Governo de SP ameaça fechar último equipamento público em funcionamento na Cracolândia
Com a iminência do fechamento da Unidade de Atendimento Diário Emergencia, ações do governo vão na contramão das orientações da sociedade civil e deixam a população em situação de rua desassistida.
Neste momento de pandemia do coronavírus, as condições de quem mora na rua estão ainda mais precárias e a população que vive na região conhecida como Cracolândia, no centro da cidade de São Paulo, tem tido direitos básicos ainda mais violados, desde acesso à água até informação sobre prevenção.
A Unidade de Atendimento Diário Emergencial (ATENDE 2) faz parte do Programa Redenção da prefeitura de São Paulo, “para atendimento multidisciplinar destinado ao acolhimento de pessoas em situação de rua e em uso de substâncias psicoativas”. Este é um dos últimos equipamentos na região que continua funcionando e, agora, é alvo de mais uma política de desmonte. Ele tem sido um dos únicos locais do território onde é possível ter acesso a pias com água corrente, por exemplo, além de alimentação, pernoite e chuveiros.
Um espaço da cidade que, historicamente apresenta uma rede de atenção e cuidado insuficiente, agrava-se com as recentes tomadas de decisões dos governos municipal e estadual. Desde 2017, a gestão municipal vem tentando deslocar a Cracolândia para fora do centro de São Paulo.
Recentemente, tem circulado nas redes sociais diversos áudios, já verificados pela Agência Lupa como falsos, relatando arrastões na região. Tais relatos com frequência embasam ações truculentas da polícia contra as pessoas moradoras da região.
Para além da estratégia coercitiva marcada pela constante violência policial, a prefeitura flerta com a intenção de fragilizar, ainda mais, a rede de cuidado existente.
Sociedade Civil
No dia 31 de março, Maria Angélica Comis, do Centro de Convivência É de Lei, e Nathália Oliveira, da Iniciativa Negra por uma Nova Política sobre Drogas, apresentaram reivindicações construídas com o Fórum Mundaréu da Luz para a Secretaria Geral do Governo Municipal, 17 solicitações para reduzir os danos sociais e à saúde causados pela pandemia na população em situação de vulnerabilidade.
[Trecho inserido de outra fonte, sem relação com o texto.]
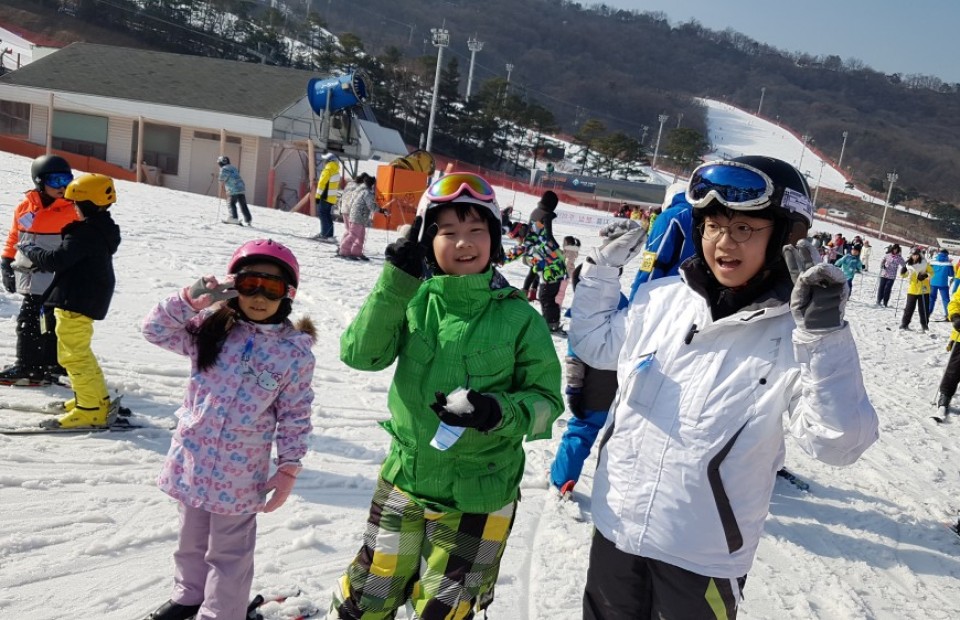 지산리조트 스키강습, 3:1 입문, 첫 리프트와 안전한 활주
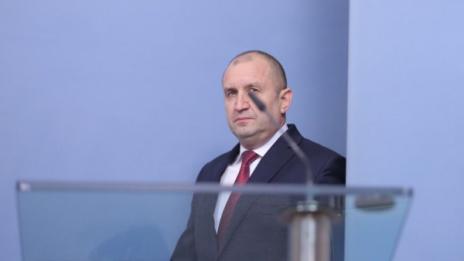 Радев поиска оставката на шефа на НСО, иска да се разреши достъпа до "Росенец"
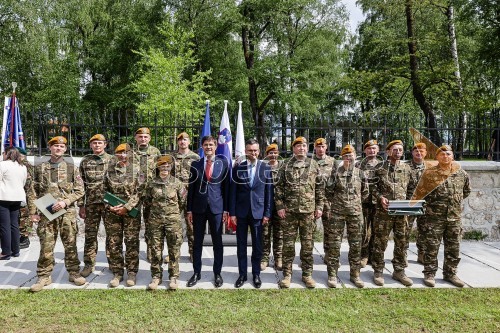 V Parku slovenske himne poklon Slovenski vojski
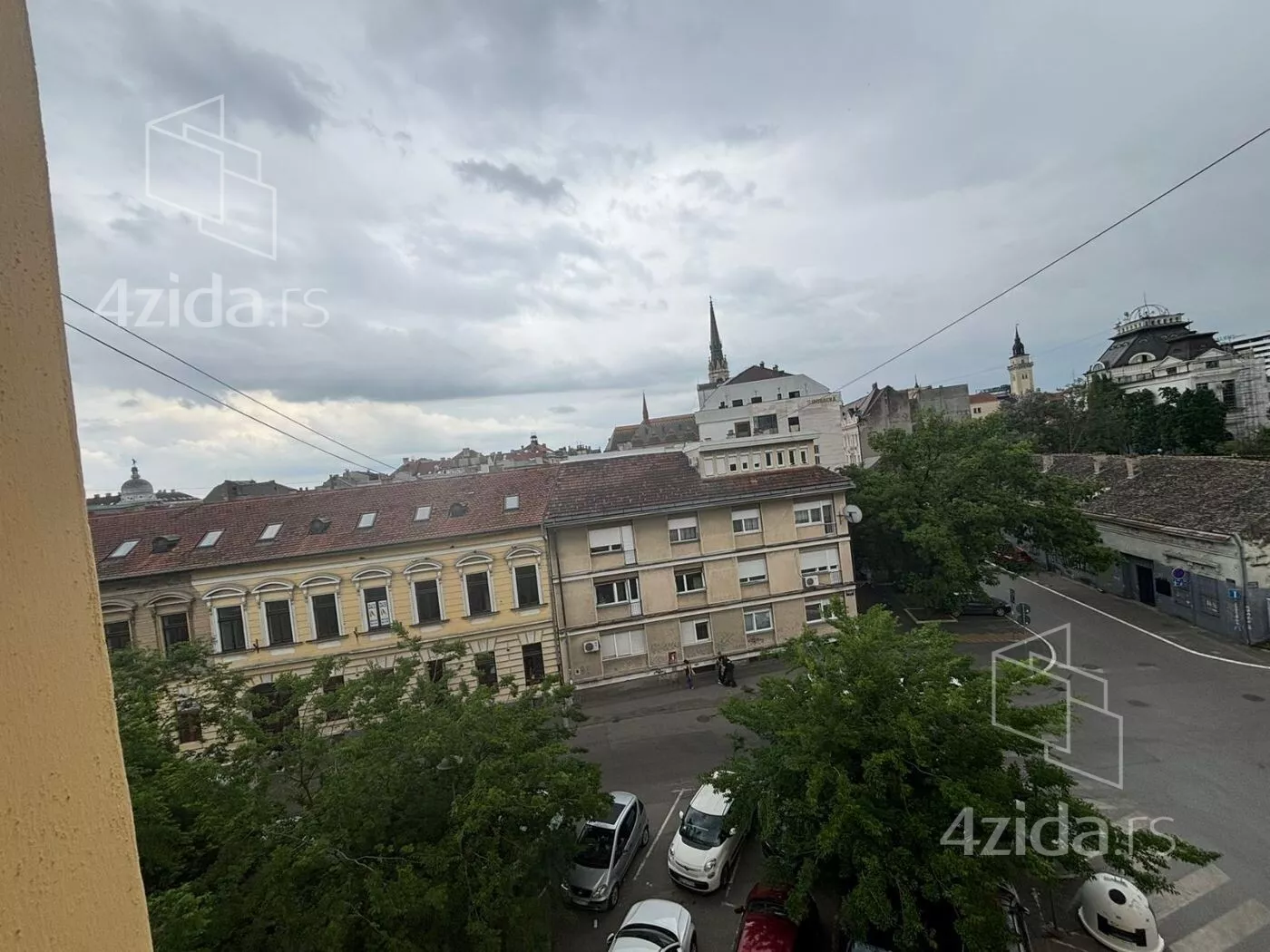 Dvoiposoban stan | 4zida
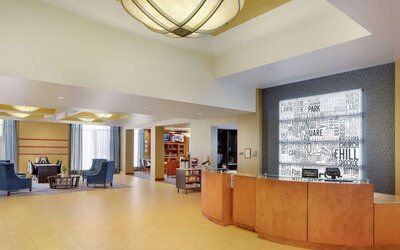 DoubleTree by Hilton Richmond Airport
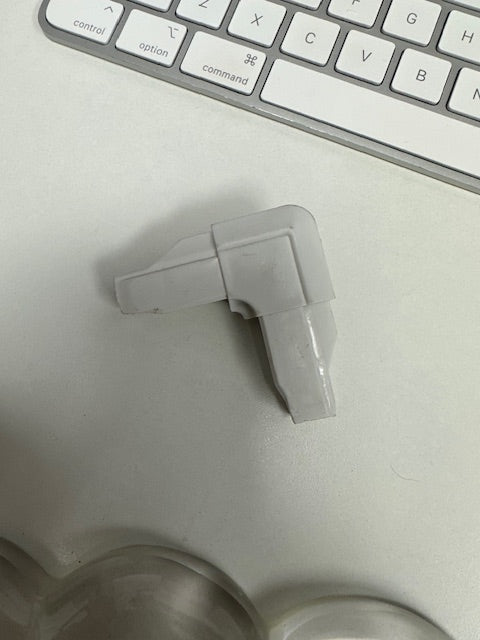 Screen Corner - Bent Tab locking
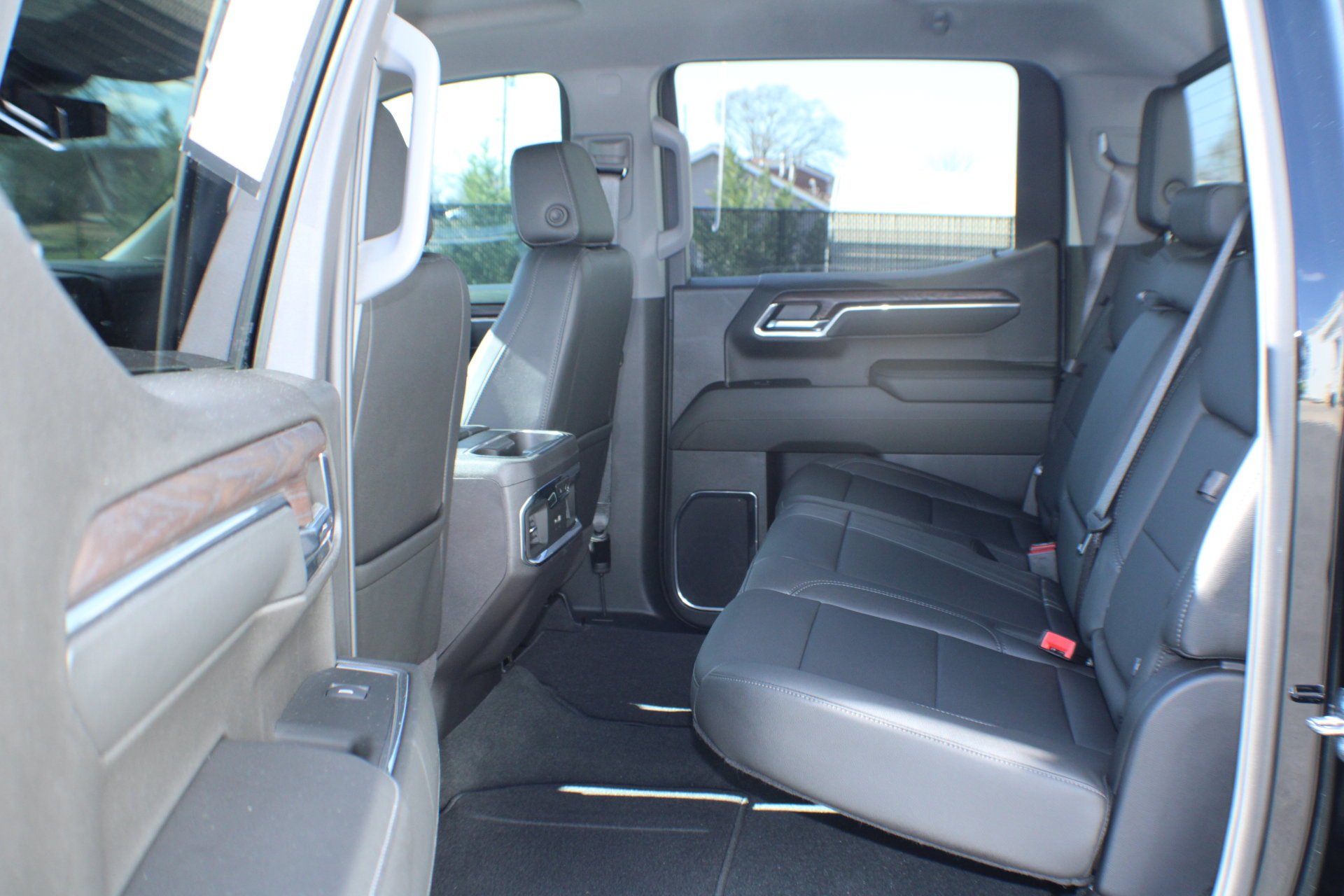 2024 GMC Sierra 1500 SLT - Photo 15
Decisões que produzam condições ainda mais vulneráveis são no mínimo irresponsáveis. O atual momento requer acolhimento e abertura para o próximo. As ações do governo vão na contramão das orientações da sociedade civil que atua no território: o fechamento de um dos poucos canais de acesso a direitos básicos da população local revela a perversidade da política de deixar morrer que governos impõem à população em situação de rua na cidade de São Paulo.
Confira abaixo as solicitações apresentadas:
1. Equipes de Saúde/SMADS preparadas para identificar sintomas e orientar as pessoas nos locais de distribuição de comida;
2. Garantir leitos de isolamento nos SIATs Porto Seguro, Glicério e Armênia (se ainda houver contêiner);
3. Garantir que o Atende 2 ofereça possibilidade de banho e distribuição de kits de higiene;
4. Aumentar a quantidade de pias instaladas na região central e nas cenas de uso da cidade, garantindo sabão;
5. Focar as abordagens nas cenas de uso para a orientação em relação à prevenção de transmissão e ofertar encaminhamentos para evitar aglomeração;
6. Verificar se no serviço da região da Vila Mariana só estão casos confirmados, pois tivemos a informação de que os encaminhamentos estavam desordenados;
7. Avançar na ampliação dos Consultórios na Rua;
8. Garantir que os Consultórios na Rua consigam conversar e fazer abordagens e encaminhamentos com a SMADS (sabemos o quanto isso é difícil);
9. Pensar em estratégias de divulgação de informações usando colagem de dicas nos muros da cidade, além de possíveis projeções;
10. Garantir que profissionais de ponta tenham acesso aos EPIs;
11. Garantir que as equipes estejam com as informações alinhadas e tenham conhecimento de todas as novas possibilidades de encaminhamentos;
12. Ter equipes que façam triagem das pessoas nos novos Centros de Convivência PopRua;
13. Possibilidade de uso de hoteis sociais emergenciais para os grupos em maior vulnerabilidade (pessoas idosas, comorbidades);
14. Garantir a interlocução com os Médicos sem Fronteiras
15. Fortalecer as equipes dos CAPS, tendo em vista que possivelmente terão que lidar com mais pessoas com síndrome de abstinência nesse período;
16. Utilizar redutores e redutoras de danos dos CAPS AD para fazerem busca ativa em seus territórios de atuação;
17. As equipes de PRD (depto de IST/HIV) da cidade também poderiam contribuir para o fortalecimento das abordagens de Consultório na Rua, pois já fazem esse trabalho em regiões que tem muitas profissionais do sexo e pessoas que usam substâncias.